Wally and Celia were living in Green Street, in a flat above the small coffee shop next to The Whim. When next day Celia introduced me to Margot, we started to probe each other’s pasts. Right away Margot apologized for a temporary problem with hearing in one ear, which slowed down Celia’s and my attempts to interject mild sarcasm in questions about her student life in the U.K. at Birmingham University. She had acquired a boyfriend, and her remarks about him made me feel that she wanted to be back with him as opposed to taking more time exploring the building styles of Cambridge’s colleges. After supper was over, she went off to her accommodation for the night, letting Celia and I agree that a monied left-wing home did not necessarily generate an unconventional mind.
Being from the Bullard family was quite a different matter. The straight, dark-haired Belinda, 20-year-old daughter of Teddy, the Cambridge geophysicist, and Margaret, who now wrote novels, was definitely a free spirit. Three years before her mother’s Perch in Paradise caused a minor scandal; the bed-hopping antics of its main characters were too easily assignable to known Cambridge academics. Of an East Anglian family from Norwich, where everyone drank Bullard Ales, Teddy with his family lived in Clarkson Road, whose largish houses implied occupants with incomes more than academic salaries. Just before I was put in the “Pest House,” I went to the Bullard home for a Sat
urday-night party where Belinda told me she was in her second year reading biochemistry at Girton. There she knew Julia Lewis and had met Peter Pauling. Walking back with me to Clare, she helped me climb over the bike shed and then pulled herself over the top. Up in my room she saw that I was equal to nothing more. I told her that I was weak from a bug giving me gyp tummy.
In a note to me in hospital, Belinda wrote that the almost-summer heat had already made many Girton girls’ backs red, the first cuckoo of the spring had been heard, and the little metasequoia in the Girton fellows garden had almost tetragonal symmetry. Soon I brought her around to see Celia, who afterwards pronounced her adorable. I knew then, but did not say, that, unlike Christa, Belinda would not cause constant butterflies to tremor through my stomach. Yet she was endearing and comfortable to talk intelligently with.

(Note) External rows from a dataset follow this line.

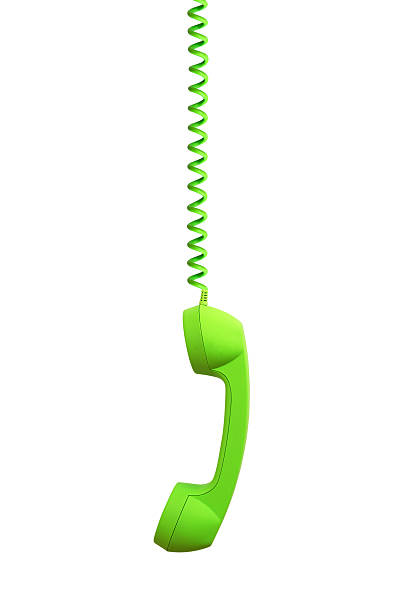 Green phone receiver hanging, isolated on white background stock photo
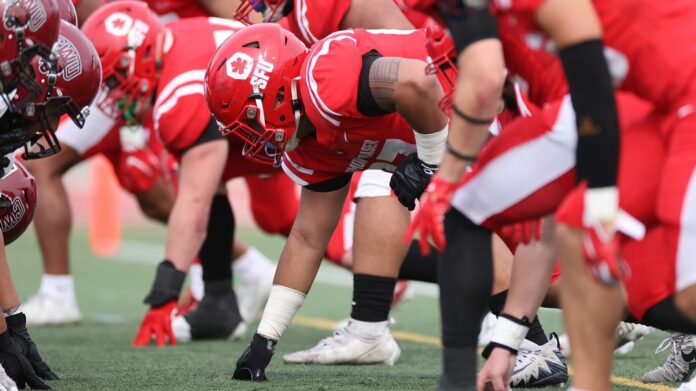 up close shot of players setting up on the line of scrimmage.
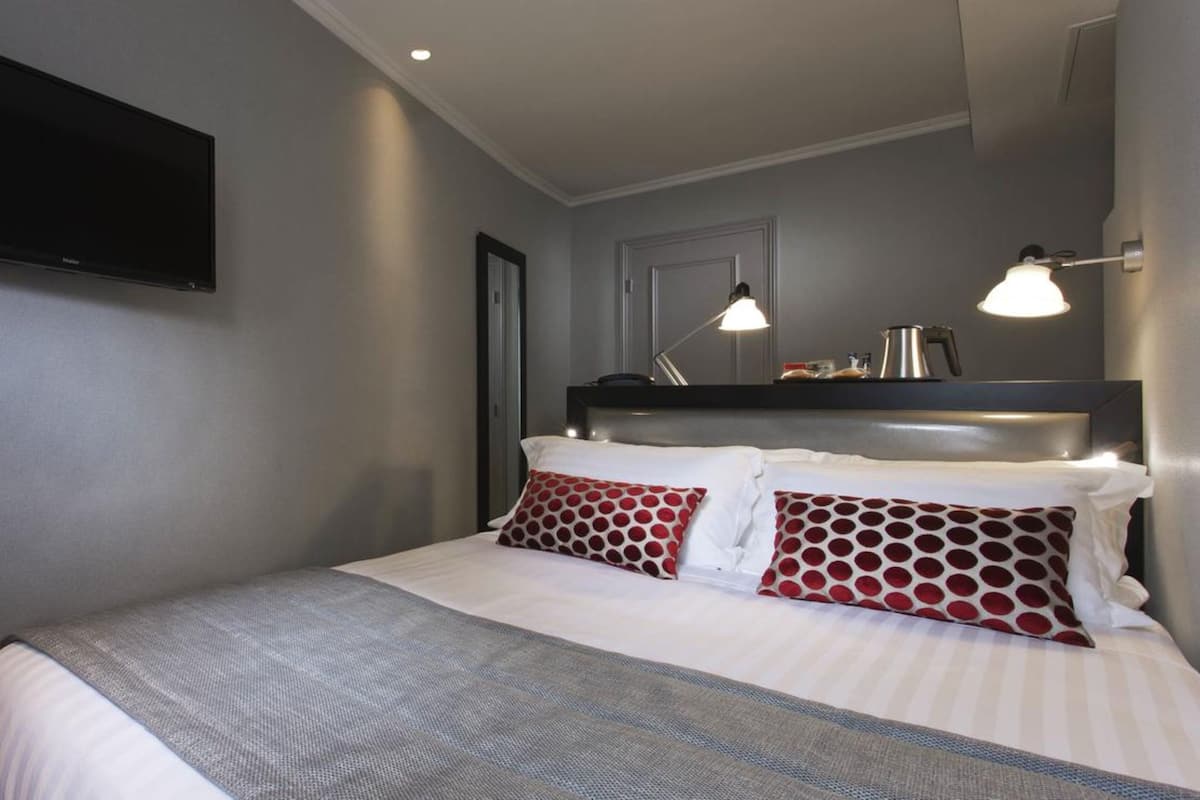Ein Hotelzimmer mit Bett, einem flachbildfernseher an der Wand und zwei Nachttischlampen.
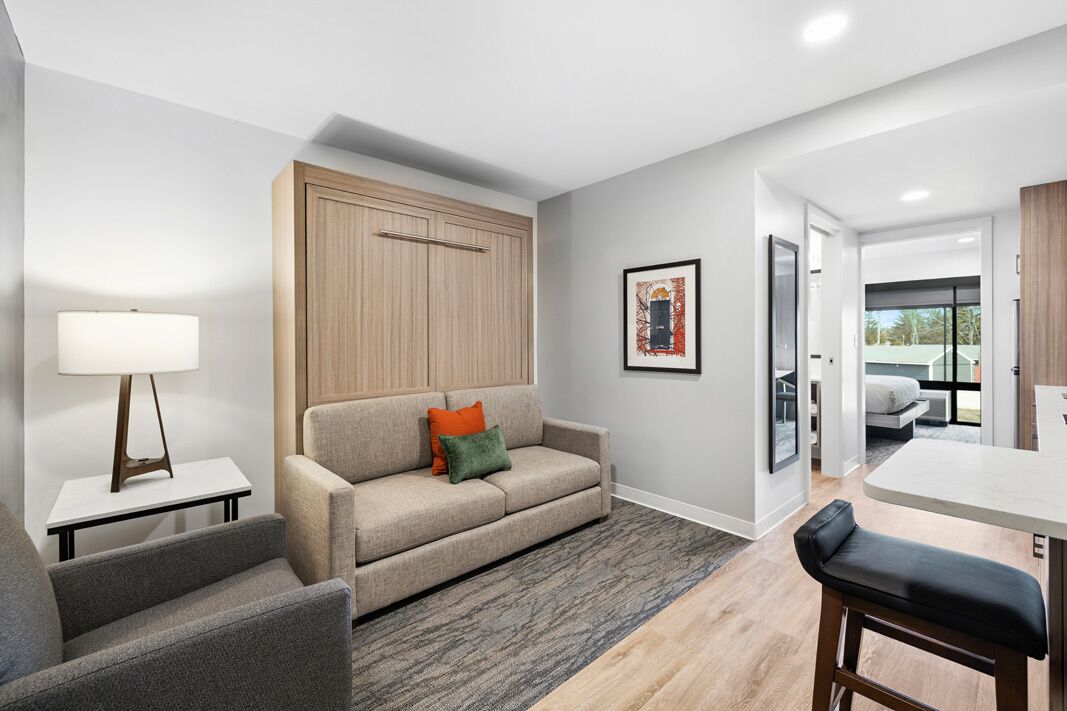 A modern living room with a sofa, a table, and a bench. There is a lamp on a side table, a framed picture on the wall, and a wardrobe.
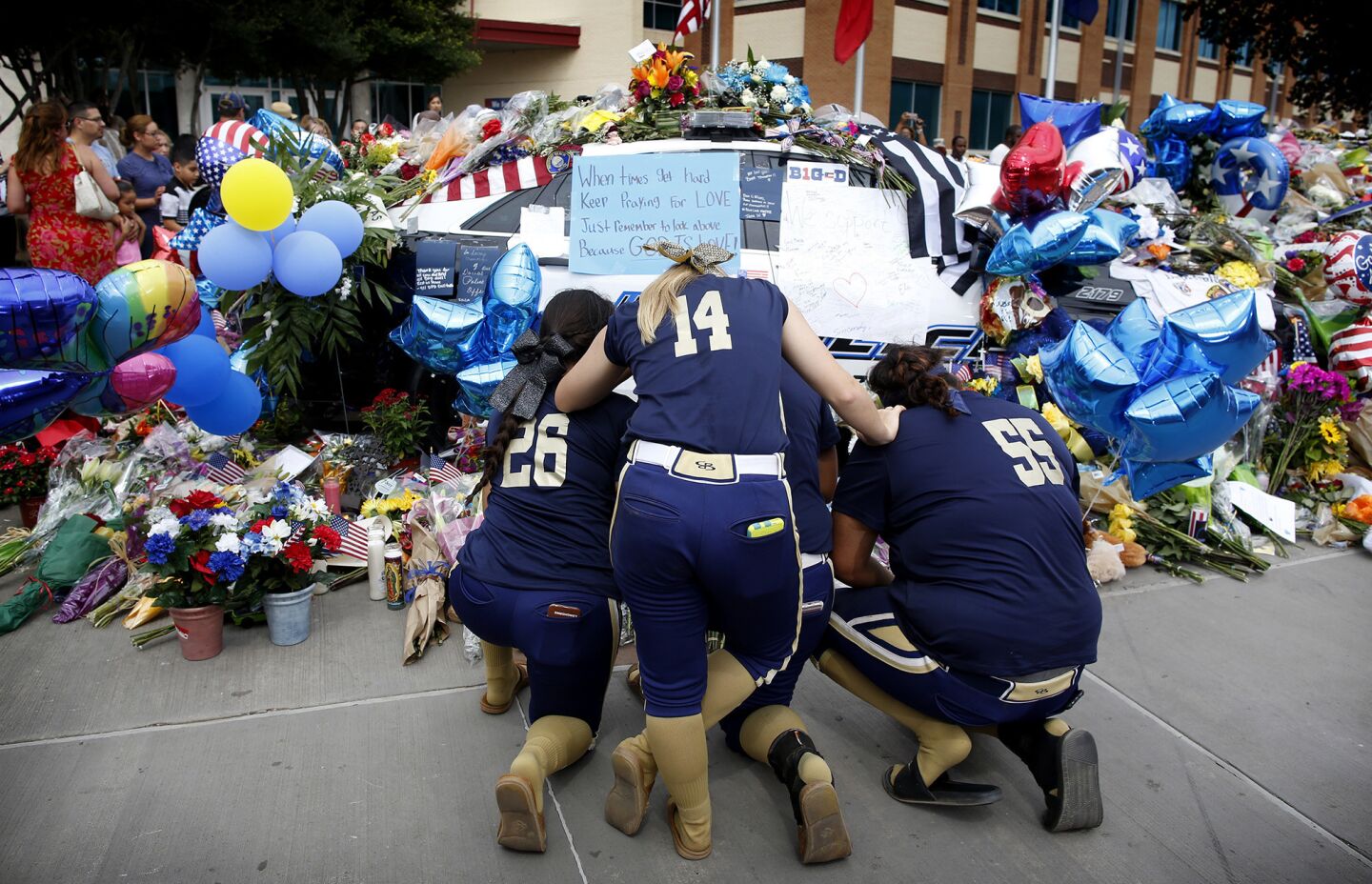 The MVPz, a Central Texas, Softball Team, pray in front of the Dallas Police Headquarters.
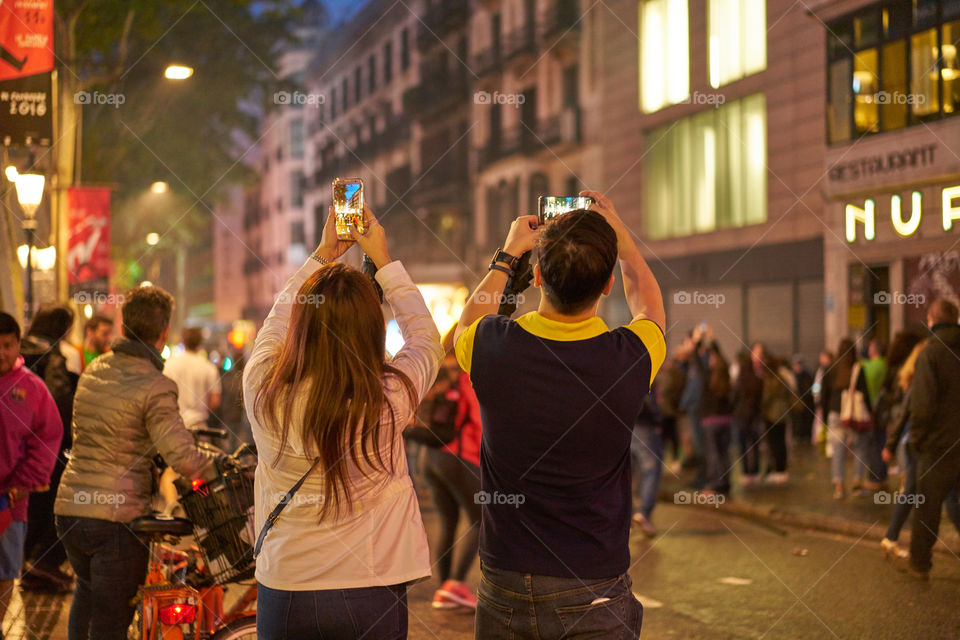 Tourists photographing the celebration 
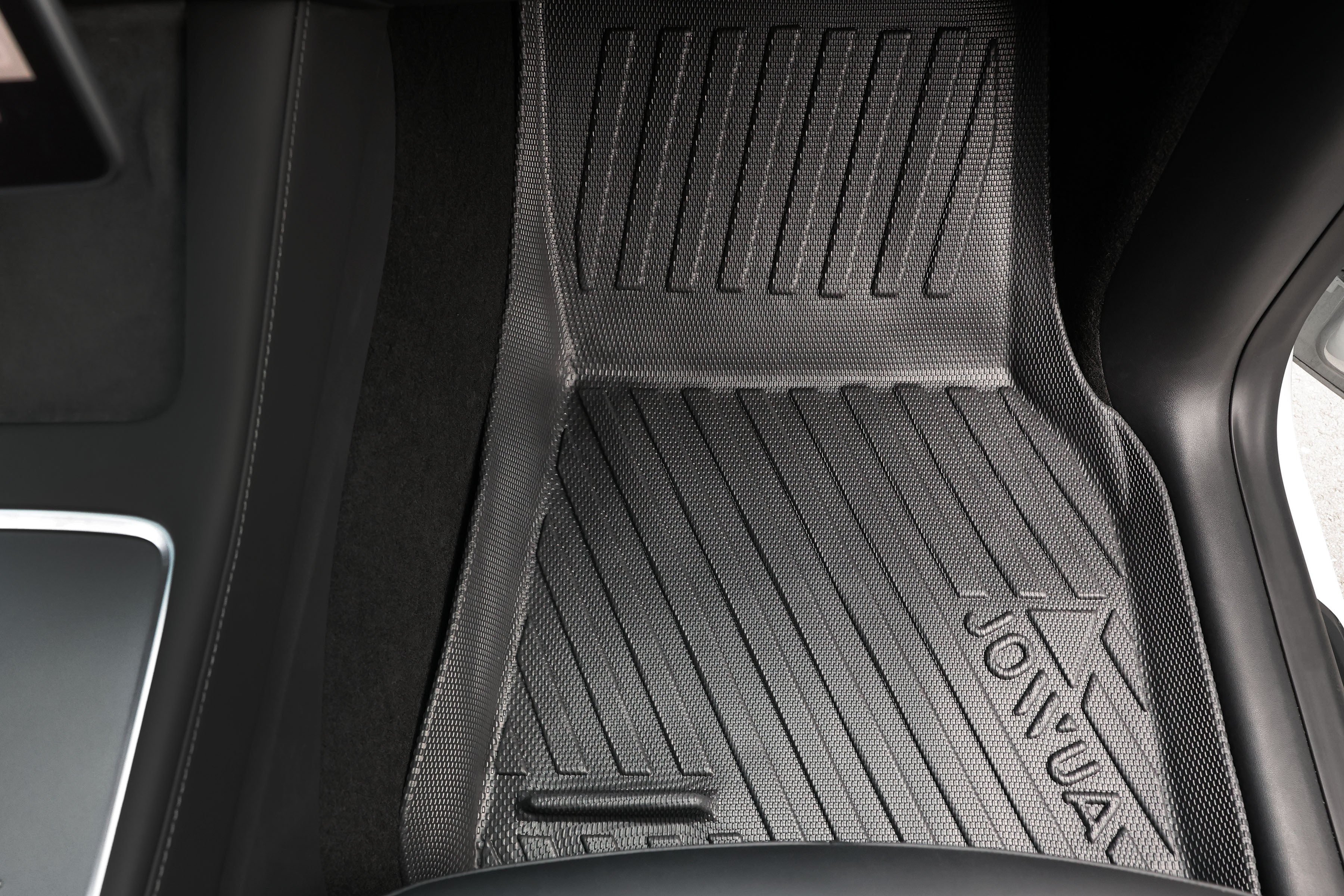 Close-up of an all-weather floor liner with a textured surface and "JOWUA" embossed on it, designed for Tesla Model Y vehicles. The All Model Y All-Weather Floor Liners Combo fits perfectly into the footwell area, complementing the sleek black interior trim.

A week later, I went to the Blue Boar Hotel for morning coffee with Celia’s father, on his way back from Moscow, who had checked in the night before. Izzie, in person, was much less the doctrinaire defender of the Soviet Union that I expected from his newspaper columns. When I kept going back to the rape of Czechoslovakia, he had no hesitation in admitting that his free-thinking ways would not let him prosper in a communist-ruled state. I gathered that his wife, Esther, was much less interested in politics, concentrating on looking after Izzie’s needs, both as a thinker and a wage-earner. This trait faithfully appeared to be passed on to Celia, equally happy that not a trace of domestic responsibility kept Wally from devoting all the time he wanted to theoretical physics. With his Cambridge Ph.D. thesis a done deal, he and Celia would be returning in the late summer to the States to be part once again of the theoretical physics group at Harvard. Izzie and Esther had a summer cottage on Fire Island, not too far away from Cold Spring Harbor where I was to spend much of the summer. So I might have more fun disagreeing with him there.